Como siempre, no hay que dejar que los sucesos glamorosos impidan ver las largas y a menudo oscuras sagas de fracasos que éstos encubren.
De cualquier forma nuestros autores no ahorran halagos al “laissez faire”, aunque sin dejar de reconocer –por obra y gracia de esa inconsistencia siempre caritativa de los razonamientos ditirámbicos- que el mercado no es en todos los ámbitos lo suficientemente atractivo como para promover por sí solo el “interés” de la iniciativa privada. Quién si no entonces el defenestrado Estado, la Administración Central o lo que sea que dirija o determine será el encargado de poner fondos a disposición para promover una estrategia y que, ahora sí, la empresa privada retome el “interés” en asuntos científico-tecnológicos de carácter general o de incierto retorno. Los ejemplos del impacto movilizador que supone la liberación y aplicación de estos fondos son tan abrumadores, y es tal la escalada de innovaciones que suelen sucederlos, que huelga abundar en mayores comentarios.
Si es peculiar, por llamarlo de alguna manera, el pensamiento de los partidarios del “laissez faire” (que tan pronto descreen del papel de los organismos rectores como acuden a ellos cuando el mercado no proporciona el auxilio), queda sin embargo claro que, tal como todo parece indicar, es imposible pretender hoy un desarrollo sustentable del complejo científico-tecnológico sin contar con cuando menos un cierto apoyo de factores no enteramente determinados por el flujo de la oferta y la demanda y dotados con capacidad de inversión relevante. Factor que se refuerza en el caso de países dependientes, empobrecidos y con escasa o nula capacidad empresarial autónoma para proveer ese sustento en forma continuada y a escala.

Así pues, desde esta perspectiva, no sería posible la construcción de un sistema de producción científico-tecnológico librado exclusivamente a la aleatoriedad que imponen los mercados o a las demandas –más o menos inducidas, más o menos genuinas- que parten de los consumidores.
Lo anterior no desmerece en lo más mínimo el mentado “milagro de Occidente” (puesto en términos de multiplicador –y no por cierto de justo distribuidor- de la renta y las riquezas[5]), sino que a mi entender lo ubica en un marco más preciso que no apela al injustificable extremismo de esa mistificación del empresario oportunista, decidido y sin ataduras, como motor de desarrollo e innovación, y sí, en cambio, como uno de los factores del proceso, y, ¿por qué no?, acaso de los más importantes dentro del modo de producción capitalista.

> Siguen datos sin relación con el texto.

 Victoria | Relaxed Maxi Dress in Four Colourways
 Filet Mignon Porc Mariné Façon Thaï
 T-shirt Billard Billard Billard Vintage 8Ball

La aparente dicotomía –si es que hay tal- no siempre tiene que resolverse apelando a uno de los extremos. La percepción que emerge de la marcha de los procesos científico-tecnológicos en aquellos países o regiones que apuestan a su sistemático –y en algunos casos planificado- desarrollo indica que la adecuada combinación de todos los agentes implicados rinde mayores dividendos que lo que un purismo ideológico o una devoción principista nos inducen a ver.
Por lo mismo, apelar a una activa participación de organismos directrices (planificación de objetivos, decisiones sobre sectores estratégicos, detección de capacidad ya instalada, etc.) y canalizadores de los flujos de inversión (léase, por ejemplo, Estado a través de alguna secretaría verdaderamente competente) que sinteticen las aspiraciones de los involucrados, no equivale automáticamente a instituciones anquilosadas por una burocracia probablemente impune y casi siempre sobreviviente a cualquier tipo de error. Muy por el contrario, no haría más que emular uno de los muy buenos ejemplos con los que contamos para intentar la multiplicación de la riqueza que nos ha legado la modernidad.

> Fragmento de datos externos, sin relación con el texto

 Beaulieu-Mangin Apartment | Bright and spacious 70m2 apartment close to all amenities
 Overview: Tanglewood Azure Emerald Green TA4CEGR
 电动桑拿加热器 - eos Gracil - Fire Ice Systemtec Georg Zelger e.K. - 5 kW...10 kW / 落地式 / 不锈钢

[1] “Investigación y Ciencia” – Nº 172, Enero de 1991. Pp 4-12

[2] Alción CHERONI – Políticas científico-tecnológicas en el Uruguay del siglo XX. Facultad de Humanidades y Ciencias. Montevideo, 1988.

[3] La ciencia “liberada” de ese compromiso con el sistema productivo será otra entidad cualitativamente diferente a la que impera, y seguramente propenderá hacia otro horizonte. Los motivos que llevaron a la fundación de la Facultad de Humanidades y Ciencias a instancias de Vaz Ferreira en el Uruguay relativamente próspero de la década del 40 (la búsqueda del conocimiento por el conocimiento en sí mismo) tal vez nos den un buen ejemplo de ello.
[4] No olvidemos cómo J K Galbraith en un desesperado intento por explicar la verdadera naturaleza del capitalismo –y evitar su eventual réquiem-, se afanaba por demostrar que la ley antimonopolios imperante en la legislación estadounidense es un craso error dado que impide la consolidación de megaempresas con capacidad de innovación casi ilimitada y no condicionada por la asfixiante competencia darwiniana que desata el desarrollo de las relaciones de producción en el marco del modo de producción capitalista.
[5] En verdad sólo es posible referirse al aumento de la riqueza que promueve el modo de producción capitalista desde la muy estrecha perspectiva del concepto de “renta per cápita”. Desde una perspectiva que abarque el conjunto de elementos que se ponen en juego durante el proceso productivo, el modo de producción capitalista es un sistema altamente entrópico y dispendioso que requiere de ingentes cantidades de insumos para su funcionamiento. Lo que se refleja, entre otras cosas de no menor importancia, en la enorme dilapidación de recursos naturales (y su consecuente e irreparable pérdida) que comporta la explotación industrial moderna y contemporánea.